94. The method of claim 85, further comprising obtaining progeny from the differentiated transgenic plant.

95. Progeny obtained by the method of claim 94.

96. A plant part of the differentiated transgenic plant obtained by the method of claim 85, wherein the plant part contains the chimeric construct.

97. A differentiated transgenic plant regenerated from transformed plant cells obtained by the method of claim 83.

98. A transformed plant cell containing a chimeric DNA construct comprising a promoter or a biologically active fragment thereof or a variant of these, which is operably linked to a foreign or endogenous DNA sequence to be transcribed, wherein the promoter comprises the sequence set forth in SEQ ID NO: 3.

99. A differentiated transgenic plant comprising plant cells containing a chimeric DNA construct comprising a promoter or a biologically active fragment thereof or a variant of these, which is operably linked to a foreign or endogenous DNA sequence to be transcribed, wherein the promoter comprises the sequence set forth in SEQ ID NO: 3.

100. The transgenic plant of claim 99, wherein the plant is a dicotyledonous plant.

101. The transgenic plant of claim 99, wherein the plant is a monocotyledonous plant.

102. The transgenic plant of claim 99, wherein the plant is a graminaceous monocotyledonous plant.

103. The transgenic plant of claim 99, wherein the plant is a non-graminaceous monocotyledonous plant.

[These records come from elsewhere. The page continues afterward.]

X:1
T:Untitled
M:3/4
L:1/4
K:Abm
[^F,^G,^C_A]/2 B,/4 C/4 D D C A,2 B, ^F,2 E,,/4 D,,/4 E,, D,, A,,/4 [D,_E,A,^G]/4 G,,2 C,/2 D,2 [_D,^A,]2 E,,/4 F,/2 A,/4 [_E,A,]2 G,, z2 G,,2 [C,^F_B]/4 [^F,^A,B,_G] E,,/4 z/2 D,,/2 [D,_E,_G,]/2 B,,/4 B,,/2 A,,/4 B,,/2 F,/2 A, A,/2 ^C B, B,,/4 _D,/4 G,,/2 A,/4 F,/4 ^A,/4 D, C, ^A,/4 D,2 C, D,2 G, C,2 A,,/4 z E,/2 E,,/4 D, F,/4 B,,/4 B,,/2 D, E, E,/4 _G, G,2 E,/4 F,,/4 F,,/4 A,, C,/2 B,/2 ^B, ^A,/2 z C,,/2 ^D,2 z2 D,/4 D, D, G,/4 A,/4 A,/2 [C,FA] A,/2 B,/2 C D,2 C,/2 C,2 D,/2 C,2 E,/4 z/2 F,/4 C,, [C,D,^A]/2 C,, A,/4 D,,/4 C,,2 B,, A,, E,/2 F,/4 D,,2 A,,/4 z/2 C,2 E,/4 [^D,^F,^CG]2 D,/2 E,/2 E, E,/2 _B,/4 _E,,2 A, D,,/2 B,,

104. The transgenic plant of claim 99, wherein the construct comprises a selectable marker gene.

105. The transgenic plant of claim 99, wherein the construct comprises a screenable marker gene.

106. The transgenic plant of claim 99, wherein the expression of the chimeric DNA construct renders the differentiated transgenic plant identifiable over the corresponding non-transgenic plant.

107. Use of a chimeric DNA construct comprising a promoter or a biologically active fragment thereof or a variant of these, which is operably linked to a foreign or endogenous DNA sequence to be transcribed, wherein the promoter comprises the sequence set forth in SEQ ID NO: 3 in the production of a transformed plant cell, plant or plant part.